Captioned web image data
--------------------
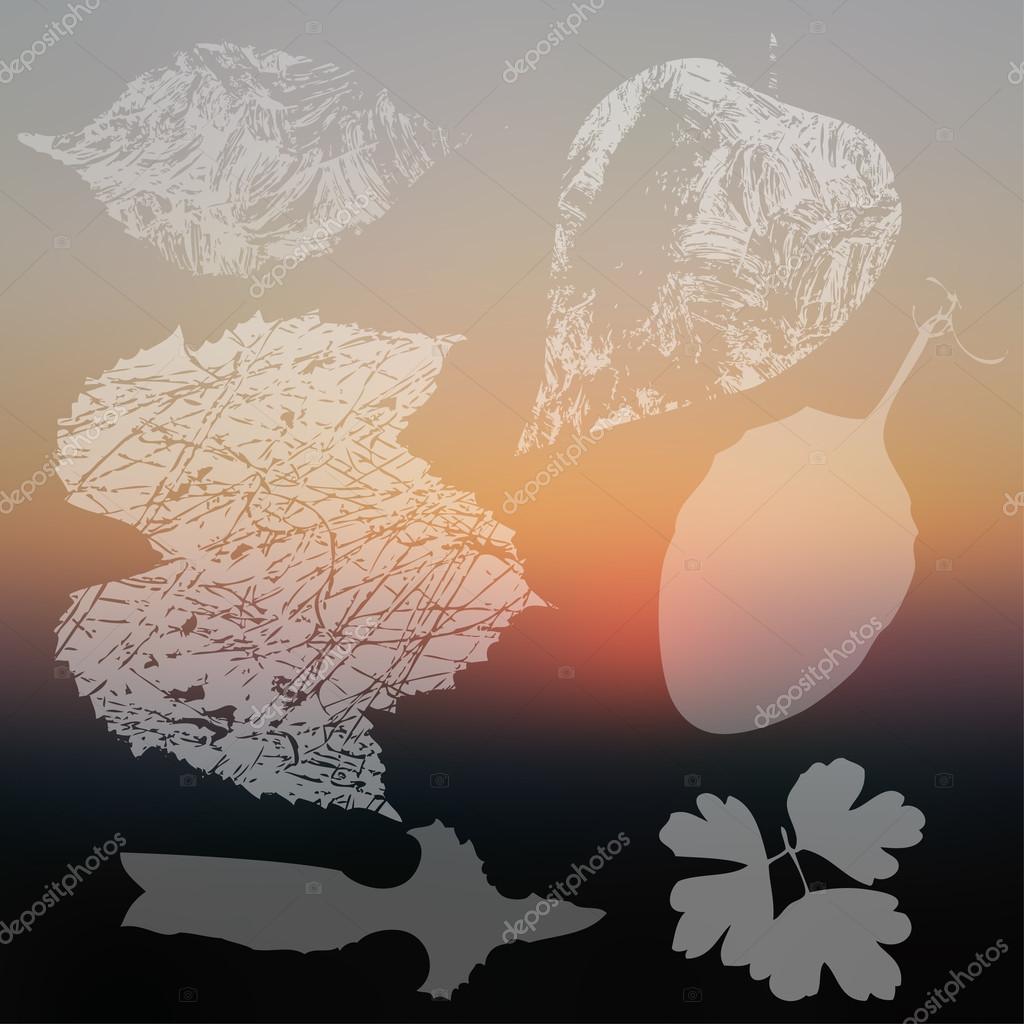 My Image 30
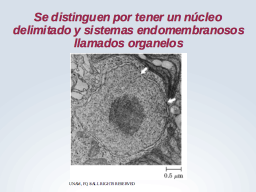 Marca distintiva de Eukarya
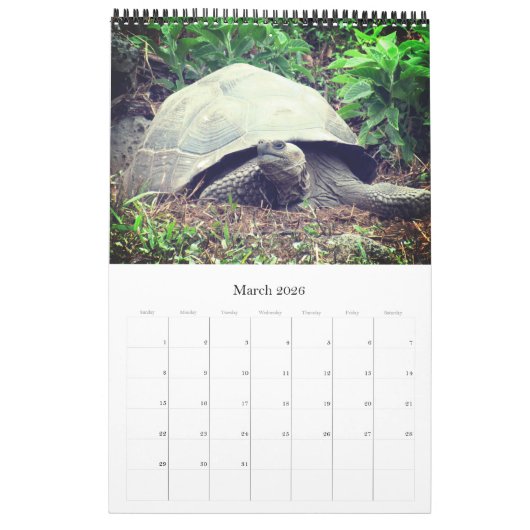 Galapagos Kalender (Mär 2026)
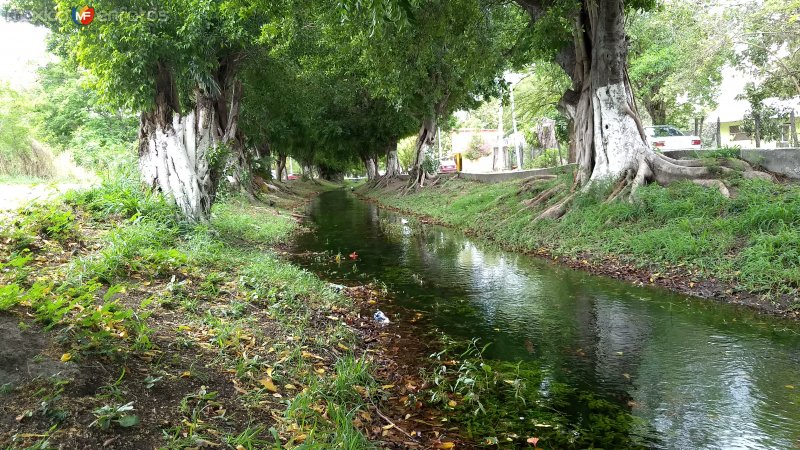 Canal de Riego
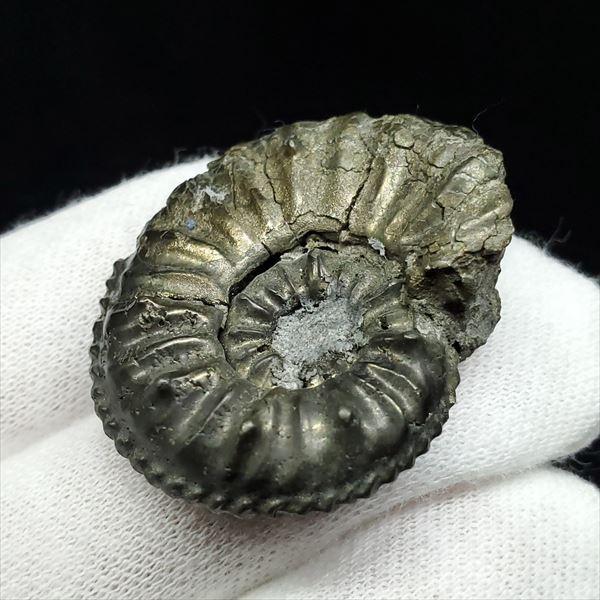 希少 パイライト アンモナイト アマルセラス 化石 本物 フランス産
--------------------
Although the records contain pictures, the copy should consist of their text alone, reproduced exactly.

Written solution
 My Image 30
 Marca distintiva de Eukarya
 Galapagos Kalender (Mär 2026)
 Canal de Riego
 希少 パイライト アンモナイト アマルセラス 化石 本物 フランス産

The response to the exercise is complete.